Baker Hughes’ “FLeX” tool (a carbon measurement tool) and “RockView ™” (to enhance reservoir interpretation) services were mentioned.

“A formation lithology tool gives lots of cationic measurements to get a lot of detail to see how they behave with certain types of fluid. With an NMR tool, we can come up with fluid typing information to characterize the type of clay,” he said.

He said it was not only to acquire data but to mix and match and could be used in preparing for the fracturing stage by using real time geomechanics. “For mini fracks you can get some idea of how that rock is going to frack.”

Topham continued: “In the completion phase, down the road you’ve got to think about the interplay between the data you acquire early on - getting ‘logging while drilling’ (LWD) helps you determine where the zones are, where the natural fracture patterns are.”

He explained there could be sweet spots even within that very tight rock. “In the Baker Hughes sense we’ve got tools for positioning,” he added.

For “staying on target” he spoke of AutoTrak, which he said could save drilling time and place a drilling operation in the sweet spots.

One participant offered that “brute force” had been used in drilling in the Bakken shale and that a nuanced approach was going to be important in Europe.

Topham contended that the data acquisition part should be married with drilling technology. “The designing of how you can complete the fracture is key.”

He spoke about an open-hole completion system called FracPoint.
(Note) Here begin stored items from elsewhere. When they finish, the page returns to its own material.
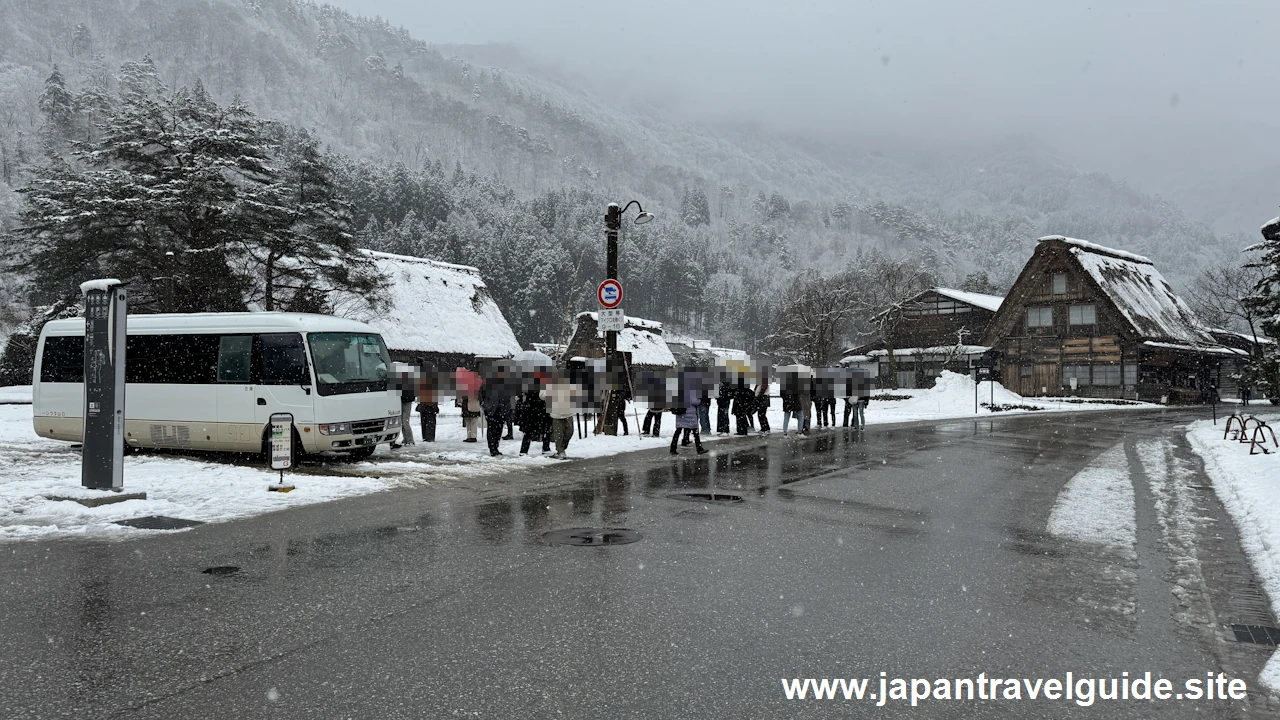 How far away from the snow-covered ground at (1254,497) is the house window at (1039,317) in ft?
105

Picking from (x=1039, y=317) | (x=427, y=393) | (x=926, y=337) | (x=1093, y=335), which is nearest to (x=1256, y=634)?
(x=427, y=393)

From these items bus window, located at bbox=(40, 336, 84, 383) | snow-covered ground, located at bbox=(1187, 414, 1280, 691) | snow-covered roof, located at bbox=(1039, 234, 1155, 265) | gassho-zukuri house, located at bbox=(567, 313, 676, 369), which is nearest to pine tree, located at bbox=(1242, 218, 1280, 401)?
snow-covered ground, located at bbox=(1187, 414, 1280, 691)

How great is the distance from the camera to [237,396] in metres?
12.9

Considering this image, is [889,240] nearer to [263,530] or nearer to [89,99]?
[89,99]

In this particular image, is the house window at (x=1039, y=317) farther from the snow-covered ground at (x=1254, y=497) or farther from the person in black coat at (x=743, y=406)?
the person in black coat at (x=743, y=406)

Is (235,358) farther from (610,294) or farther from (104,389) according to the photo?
(610,294)

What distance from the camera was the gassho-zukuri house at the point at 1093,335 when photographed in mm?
44781

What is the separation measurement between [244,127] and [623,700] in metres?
33.9

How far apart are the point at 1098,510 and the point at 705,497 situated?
4.39 metres

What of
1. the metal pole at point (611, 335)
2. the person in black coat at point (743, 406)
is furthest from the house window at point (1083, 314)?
the metal pole at point (611, 335)

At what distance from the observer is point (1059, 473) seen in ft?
41.8

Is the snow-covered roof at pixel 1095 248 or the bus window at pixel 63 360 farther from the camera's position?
the snow-covered roof at pixel 1095 248

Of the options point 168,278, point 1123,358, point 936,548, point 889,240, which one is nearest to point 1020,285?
point 1123,358

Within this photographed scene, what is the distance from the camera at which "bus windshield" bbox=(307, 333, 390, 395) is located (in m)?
12.7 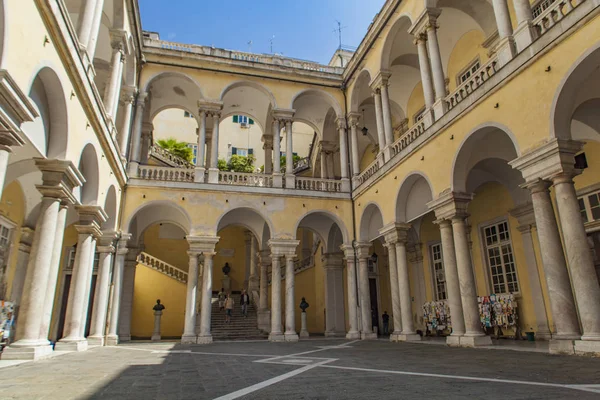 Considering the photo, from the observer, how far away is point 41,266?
8398 mm

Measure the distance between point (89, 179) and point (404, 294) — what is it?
423 inches

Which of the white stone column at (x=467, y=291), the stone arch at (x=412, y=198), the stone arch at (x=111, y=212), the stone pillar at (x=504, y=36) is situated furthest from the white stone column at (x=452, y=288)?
the stone arch at (x=111, y=212)

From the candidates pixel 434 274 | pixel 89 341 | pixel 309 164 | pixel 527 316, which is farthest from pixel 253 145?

In terms of European shale basin geology, Topham said: “Most are aware of the different activities in Poland. There’s been a massive land grab. In December a couple of wells were drilled, now there are probably a dozen. Seismic is being shot. Dry versus wet gas options are available.”

Frac fluid types he said had yet to be confirmed.
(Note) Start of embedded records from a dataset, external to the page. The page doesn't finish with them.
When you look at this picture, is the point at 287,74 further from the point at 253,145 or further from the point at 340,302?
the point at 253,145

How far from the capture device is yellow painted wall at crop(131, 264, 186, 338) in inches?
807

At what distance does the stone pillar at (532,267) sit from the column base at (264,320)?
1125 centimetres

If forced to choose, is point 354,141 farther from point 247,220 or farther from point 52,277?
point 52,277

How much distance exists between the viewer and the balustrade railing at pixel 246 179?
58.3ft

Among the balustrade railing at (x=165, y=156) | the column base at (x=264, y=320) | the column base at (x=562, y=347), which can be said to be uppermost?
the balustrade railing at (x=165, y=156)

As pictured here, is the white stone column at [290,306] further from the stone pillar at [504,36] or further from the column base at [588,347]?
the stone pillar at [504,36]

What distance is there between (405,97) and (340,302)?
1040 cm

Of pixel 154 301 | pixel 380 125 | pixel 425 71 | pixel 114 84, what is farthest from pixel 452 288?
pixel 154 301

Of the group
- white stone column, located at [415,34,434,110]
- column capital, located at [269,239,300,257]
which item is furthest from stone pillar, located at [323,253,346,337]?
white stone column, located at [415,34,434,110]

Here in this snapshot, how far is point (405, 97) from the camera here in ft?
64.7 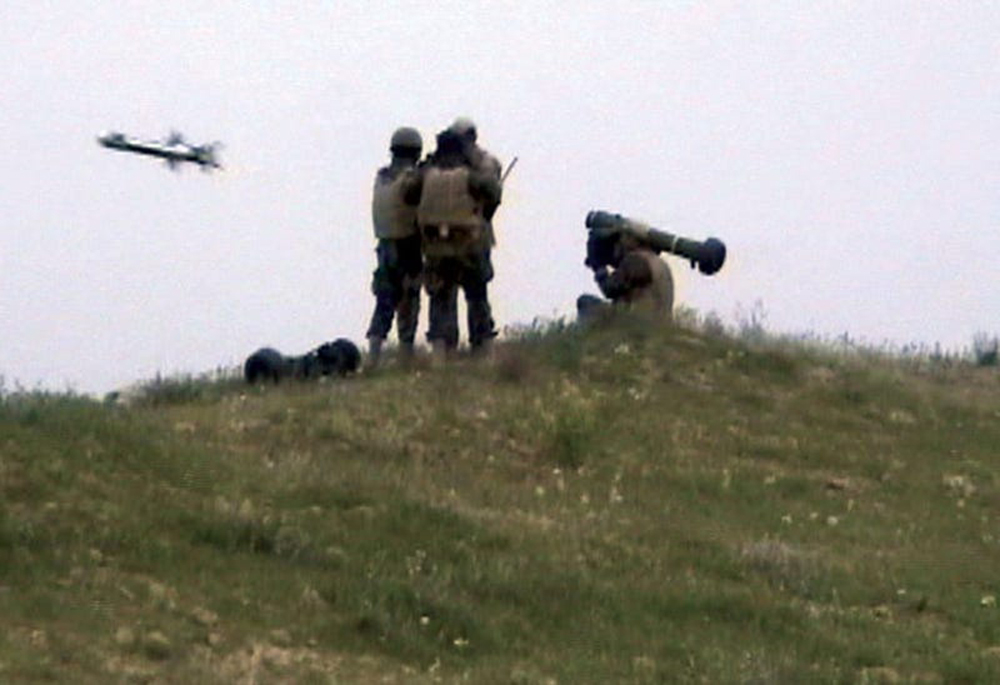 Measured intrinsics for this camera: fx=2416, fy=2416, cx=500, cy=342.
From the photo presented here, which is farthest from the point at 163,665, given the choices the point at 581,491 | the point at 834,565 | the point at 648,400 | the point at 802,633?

After a break, Mr. Topham continued by discussing hydraulic fracturing design.

Verticals, he said, were cheap to drill, and were easiest to fracture and required lots of well bores, especially versus horizontal.

“Frac fluid transfers energy and transports and suspends the proppant. It needs to be compatible with formation minerals; you want to minimize damage to your proppant,” he said.

It must also be environmentally friendly, he said, and easy to use.

“How much of a frack fluid do you get back?” he queried “30-60%? We want to get 100% re-use and were working on a project to get that in the US. We want to re use as much water as possible.”

He said frac experts could provide some rules of thumb: “When should I use CO2 or N2 in low pressure formations? We can’t just use water all the time.”

Shale gas, and natural fractures were essential, explained Topham, who said treatments were designed to connect up natural fractures and leave them propped open.

He added that regulations were a major concern for the industry in Europe, and the reason the French government had shut down hydraulic stimulation.

In that context, Topham gave mention to “REACH” a European Community regulation on chemicals and their safe use.

Regarding the contents of fracking fluid, he said: “Baker Hughes fully supports the mission of the European Chemicals Agency, ‘ECHA’. You have proprietary mixes, and the REACH system basically allows them to be given to an independent lab which can certify their safety, giving the info to regulatory agencies without sacrificing regulatory knowledge.”

Slick water fracturing was not a panacea, according to Topham, who admitted it was cheap, had quick fluid recovery, and operationally simple. “It works well in very low permeability shallow formations, but can’t be used to transport medium to high density proppant systems.”

Finally, one of his slides showed a typical fracturing location. “This is an operation in Europe,” he explained. “Usually there’s a big North American spread – you can get a lot of equipment into a smaller area, so this is an example of how it could be done in other parts of the world.”